Ce transfert, ainsi que la nécessité de donner des ressources aux régions, devrait obligatoirement s’inscrire dans le cadre d’une réforme d’ensemble des fiscalités d’Etat et locale. Celle-ci devrait résulter d’une refonte des systèmes fiscaux, basée sur une équitable répartition et n’entraînant pas un accroissement de la pression fiscale globale.

En tout état de cause, le Conseil économique et social rappelle sa position selon laquelle tout transfert de compétences doit être accompagné d’un transfert de ressources humaines, financières et fiscales correspondantes.

Les régions doivent également trouver des appuis au niveau des institutions financières.

Certaines régions ont entrepris la création d’instituts de participation complétant l’action des sociétés de développement régional et des réseaux bancaires spécifiquement régionaux. Les grands réseaux nationaux ont, de leur côté, amorcé une déconcentration. Le Conseil économique et social, lors de sa séance du 14 octobre 1981, recommandait que les agences régionales des grandes banques se constituent soit en divisions autonomes soit en filiales afin d’accroître l’autorité des cadres dirigeants et leur permettre un dialogue plus facile avec les forces vives régionales et, notamment, les PME-PMI et l’artisanat. Il réitère cette proposition qui aurait l’avantage de rapprocher les auteurs du plan régional et les opérateurs financiers.

Par ailleurs, le Conseil économique et social partage l’idée émise de mettre en place une conférence financière régionale. Cette instance pourrait constituer un lieu où seraient confrontés les objectifs prioritaires du plan régional et les possibilités de financement existantes.

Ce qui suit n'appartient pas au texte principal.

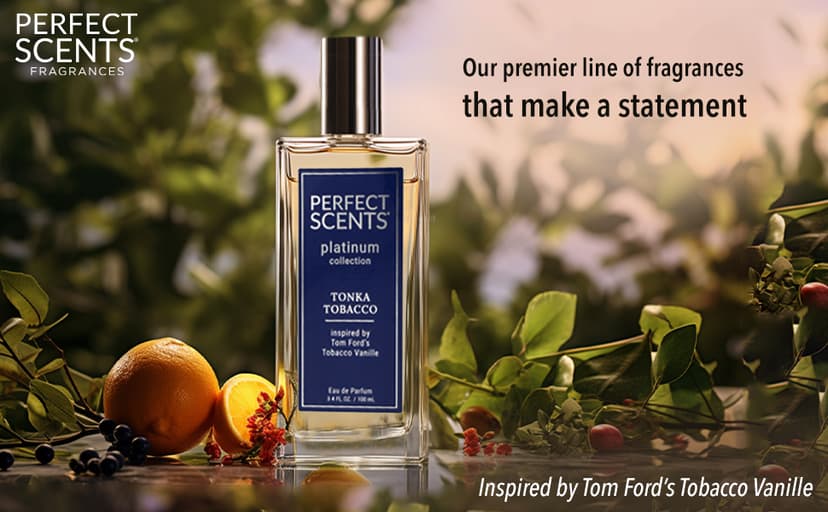 Perfect Scents Fragrances | Inspired by Tom Ford’s Tobacco Vanille | Platinum Collection | Tonka Tobacco | Unisex Eau de Parfum | Paraben & Phthalate Free | Never Tested on Animals | 3.4 Fl Oz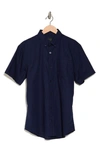 14th & Union Slim Fit Short Sleeve Linen Blend Button-down Shirt In Navy Maritime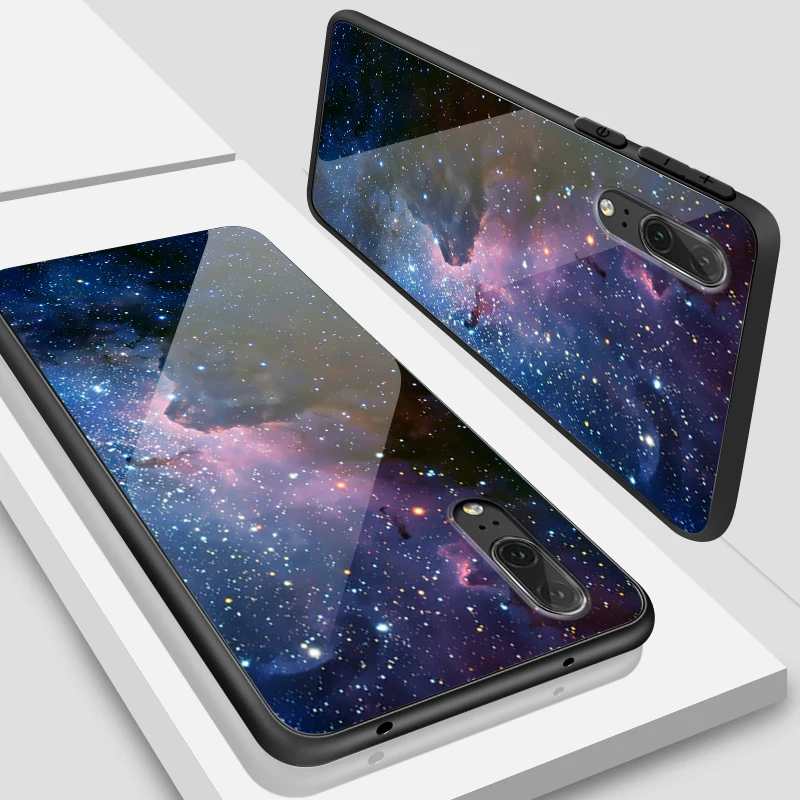 Чехлы из закаленного стекла для huawei Enjoy 9s Mate20 Lite Pro Nova 2 3i 4 P Smart+ P20 P30 Honor Play Star противоударный защитный чехол - Цвет: W104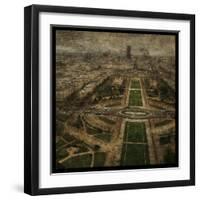 Paris Skyline V-John W Golden-Framed Premium Giclee Print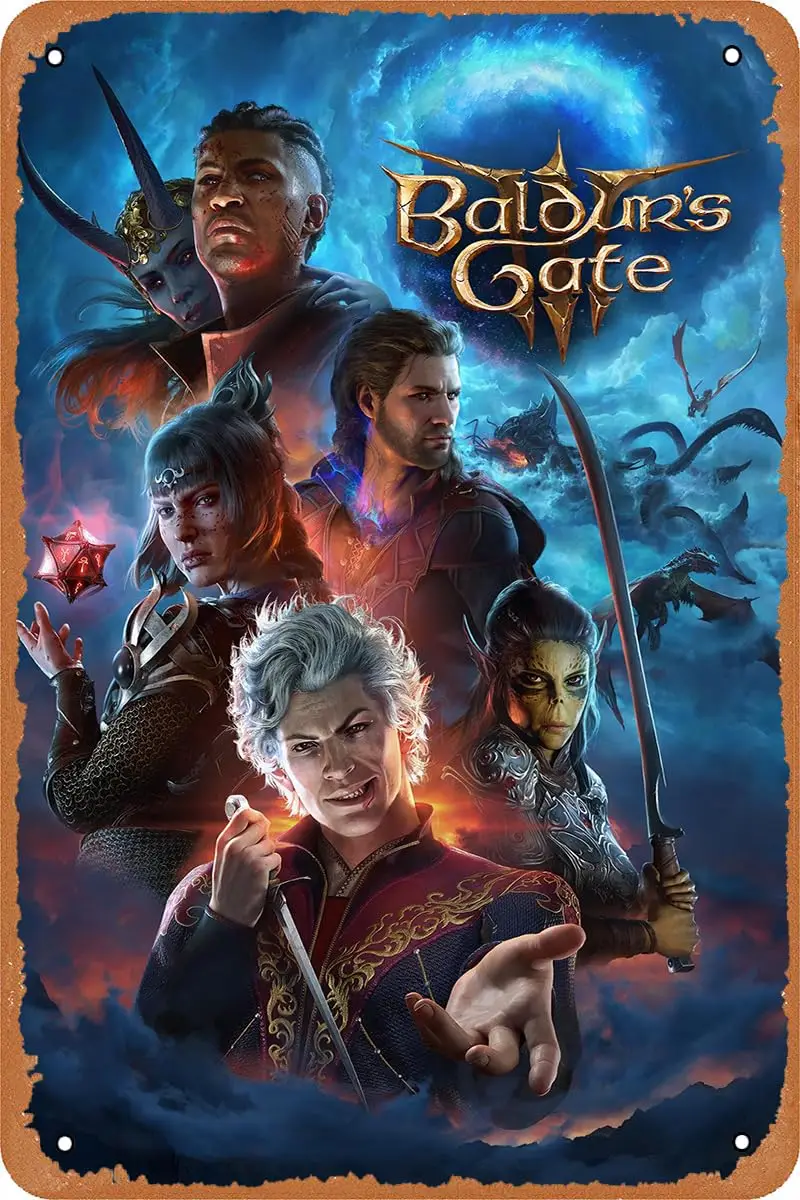 Baldurs Gate 3 Game Poster Vintage Metal Tin Sign Retro Wall Art Plate Decor-tin sign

Enfin, les régions doivent tenir compte des concours financiers qu’elles peuvent obtenir par le canal des institutions européennes. La transparence de ces aides serait souhaitable.

 

Pour réussir, la planification régionale exige que soient adaptés les moyens et les structures mis à sa disposition. Mais, au-delà de ces nécessaires adaptations, elle ne peut ignorer ses limites : l’espace régional n’est pas autonome ; l’environnement national et international s’impose à lui ; l’aménagement du territoire doit concilier la libre expression des volontés régionales et le souci de lutter contre les inégalités. Les recommandations formulées par le présent avis, à partir des expériences en cours, ne peuvent, en raison même de la nouveauté de ces dernières, prétendre revêtir un caractère définitif et exhaustif. Leur ambition est de permettre une première série d’adaptations. Dans la mise au point des méthodes de planification régionale, le facteur temps jouera un rôle essentiel.